De modo geral, o ambiente nos jogos dos garotos tende a ser muito tenso por parte da
torcida familiar, que, ansiosa, fica propensa a pressionar árbitros, pais dos outros
jogadores, seus filhos e os demais meninos. Logo, os treinadores dessas categorias
precisam resistir a essa insensatez e se comportarem de modo distinto. Se os pais estão
tensos, o treinador precisa ser sereno; se os pais pressionam os árbitros, os treinadores os
tratam com respeito; se os pais pressionam os meninos, os treinadores os encorajam,
aponta Wilton Santana
Universidade do Futebol – Mesmo o futsal sendo considerado uma ótima
possibilidade para a formação de jogadores para o futebol, os clubes não recebem
nenhum tipo de benefício nas transferências realizadas do futsal para o futebol e,
posteriormente entre clubes de futebol. Para você, o que deveria ser feito para que o
futsal pudesse também lucrar com as transferências no futebol possibilitando o
investimento contínuo em infraestrutura e profissionais de qualidade?
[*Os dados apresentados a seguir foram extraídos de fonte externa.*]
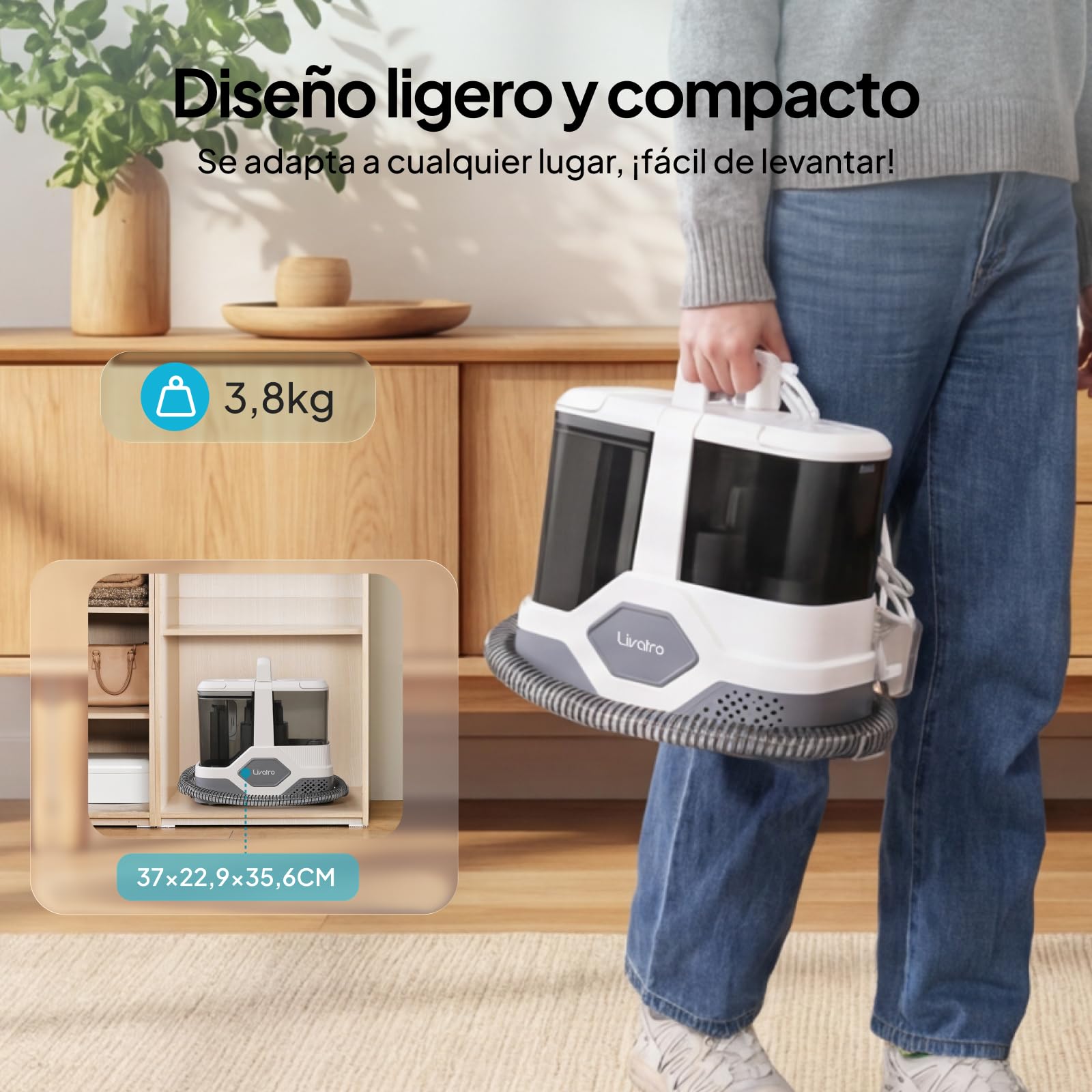 Livatro Aspiradora de Agua Tapicería, 600W 16kPa Limpiador de Tapicerías, 2,3L Depósito, Limpieza de Sofás con Función de Autolimpieza, Lava Aspiradora para Alfombras, Moquetas, Tapicería y Coche
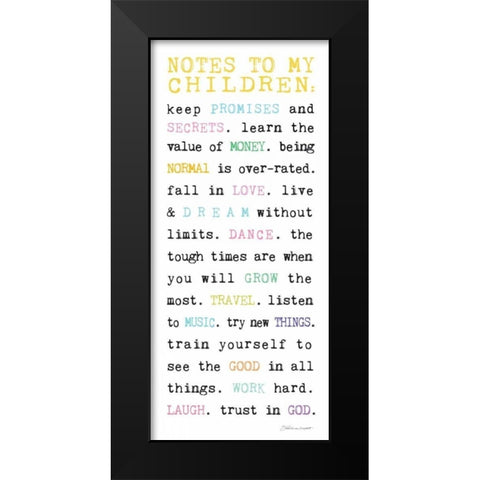Notes to Children VII Black Modern Wood Framed Art Print by Marrott, Stephanie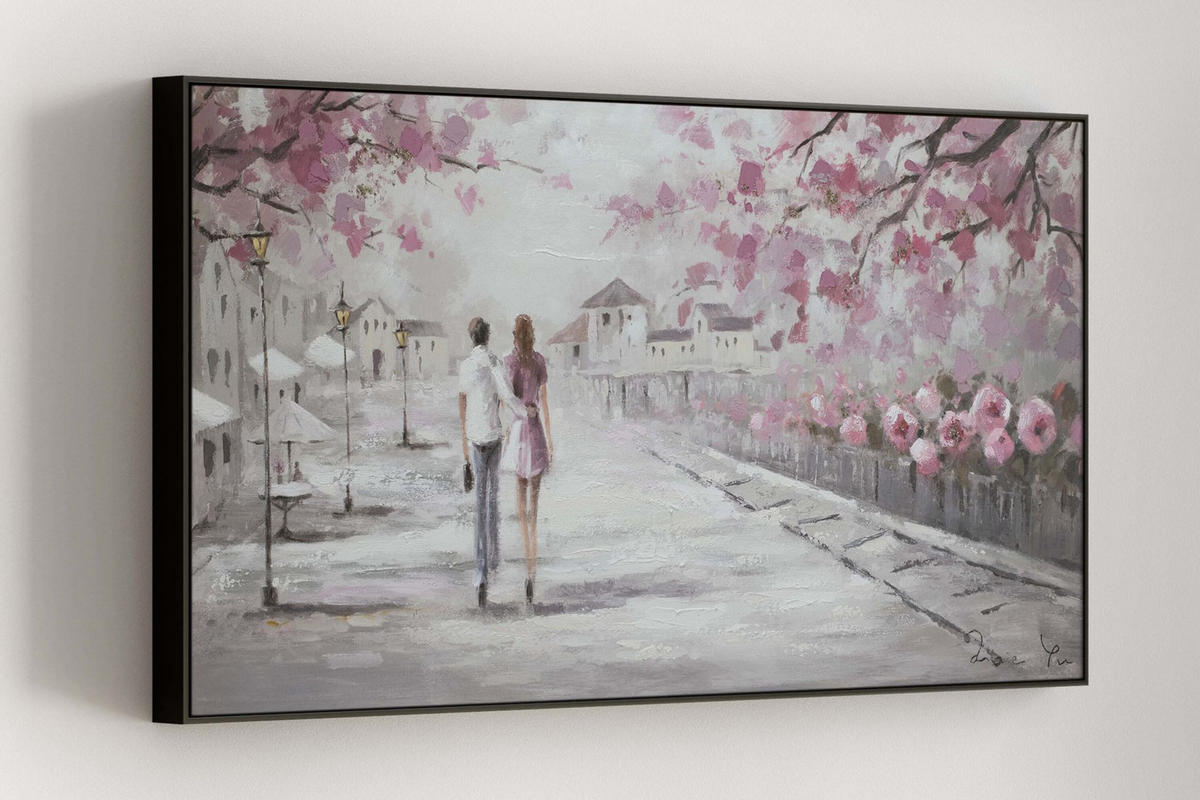 ACRYLBILD HANDGEMALT 120/60 cm - Pink/Beige, Holz/Textil (120/60cm) - KUNSTLOFT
Wilton Santana – Esse tema é central para o futsal. Não há, talvez, algo que precise ser
mais urgentemente discutido para essa modalidade. Inegavelmente, o futebol vem se
beneficiando historicamente do trabalho de muitos profissionais, associações e clubes de
futsal de categorias menores sem dar nada em troca. Quando digo "nada em troca", não
me refiro ao crédito, porque isso os jogadores mencionam, mas isso não "enche barriga"
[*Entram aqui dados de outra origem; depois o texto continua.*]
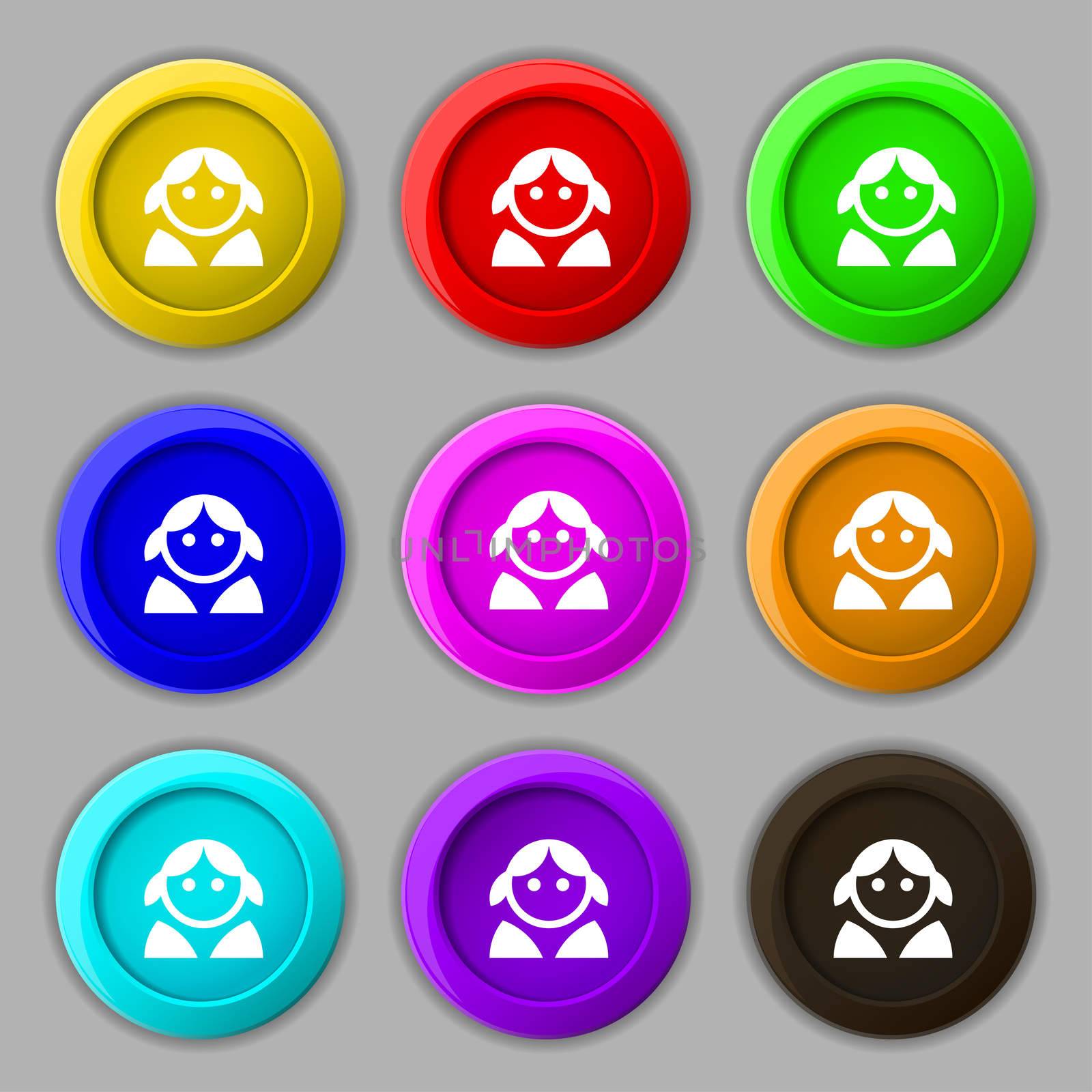 Female, Woman human, Women toilet, User, Login icon sign. symbol on nine round colourful buttons.  by serhii_lohvyniuk
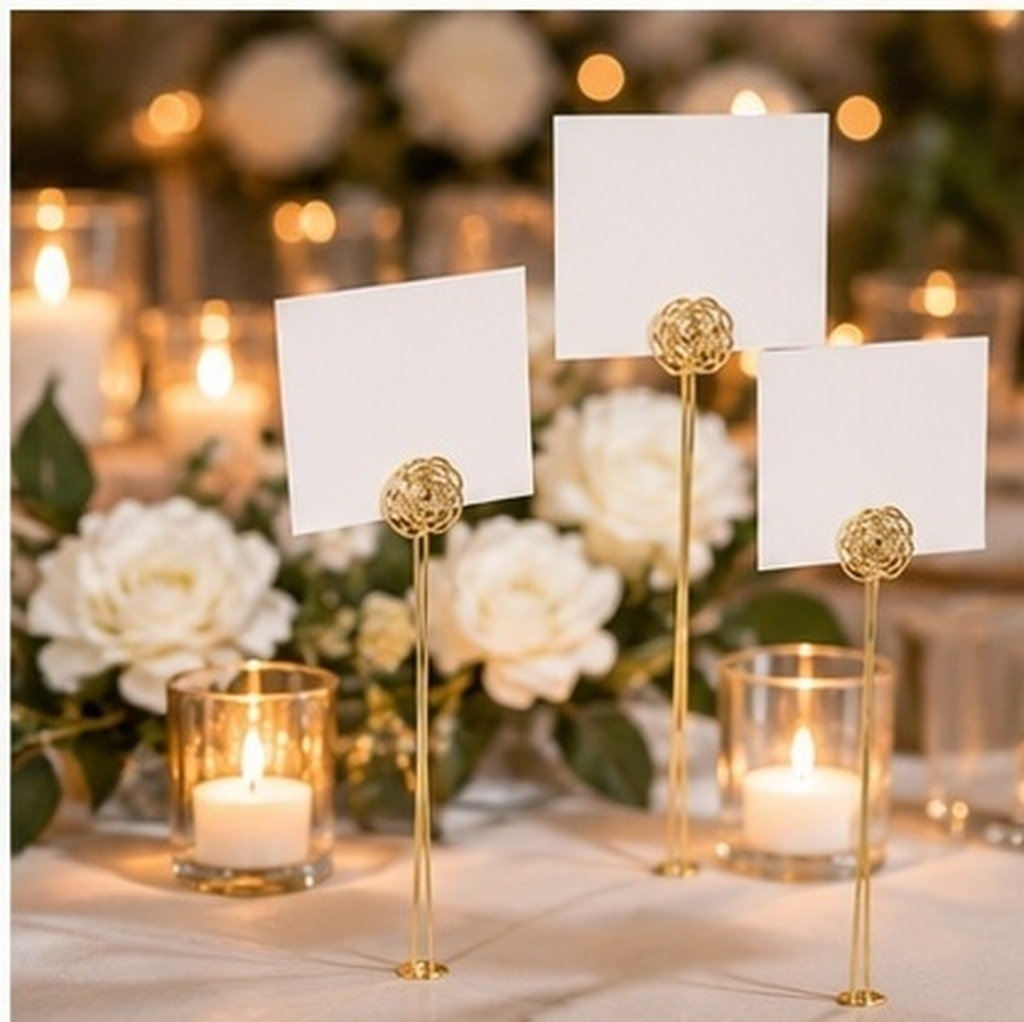 Table Number Gold - 30 buah Penyangga Kartu dengan Desain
de ninguém. Reporto-me a divisas, dinheiro, percentual que precisa ser atribuído a esses
segmentos pela formação de jogadores.
Ora, precisa haver uma legislação que proteja os clubes de futsal que formam os
jogadores que entram no futebol e se destacam. Não é justo o garoto passar seis, sete,
oito anos jogando futsal, migrar para o futebol, firmar-se na carreira, alguns, inclusive,
decolarem para o exterior e o clube de futsal de formação não receber um centavo por
isso. Algo está muito errado.
O fato é que os garotos que jogam futsal acalentam o sonho de se transformarem em
jogadores profissionais de futebol. Logo, o mais inteligente, o mais promissor, seria adotar
intencionalmente o futsal como uma "incubadora" de jogadores de futebol. Destaco, mais
uma vez, a "intencionalidade" dessa ação, o que exigiria desembolsar dinheiro para as
categorias menores e departamentos de futsal. Estou cansado de ver bons treinadores de
futsal, sobretudo de categorias menores, correndo atrás de mecenas e patrocínios
pequenos para manterem suas equipes, enquanto revelam craques para o futebol
engordar ainda mais sua conta bancária. É um disparate!
Felizmente, há ao menos um caso bem sucedido de parceria futebol-futsal na formação de
jogadores: o Santos Futebol Clube. Lá, o futsal sobrevive graças ao entendimento de que
se trata de um aliado na construção de jogadores para o futebol. O futsal, no Santos, é
entendido como uma categoria menor do futebol. Evidentemente que há ainda muito por
fazer, como, por exemplo, estreitar os espaços de atuação dos profissionais do futsal na
prática cotidiana do futebol, o que significaria, na prática, levar para o campo, como aliado
desse treinador, o "especialista no espaço reduzido", que é o profissional do futsal.
Desconheço outras realidades que seguem esse modelo.
Por consequência, diria que se é verdade que o futebol precisa do futsal, também é
verdade que o futsal precisa do futebol. Tenho colegas que pensam o contrário; que
avaliam que o futsal não precisa do futebol. Considero que essa visão é míope.
Precisamos ser menos ingênuos. Esse discurso não ajuda em nada nossa modalidade,
pois não resolve a dificuldade financeira desse esporte. Ora, se o futsal produz exímios
jogadores para a alta competição mesmo dando para o futebol seus melhores jogadores
sem receber nada em troca, imagine então quantos jogadores a mais produziria para si e
para o futebol se tivesse a necessária e justa contrapartida financeira deste último.
Precisamos abrir os olhos e requerer os direitos como formadores de jogadores. Para
tanto, precisamos mostrar um currículo de formação que convença os exigentes e, muitas
vezes, arrogantes dirigentes de futebol.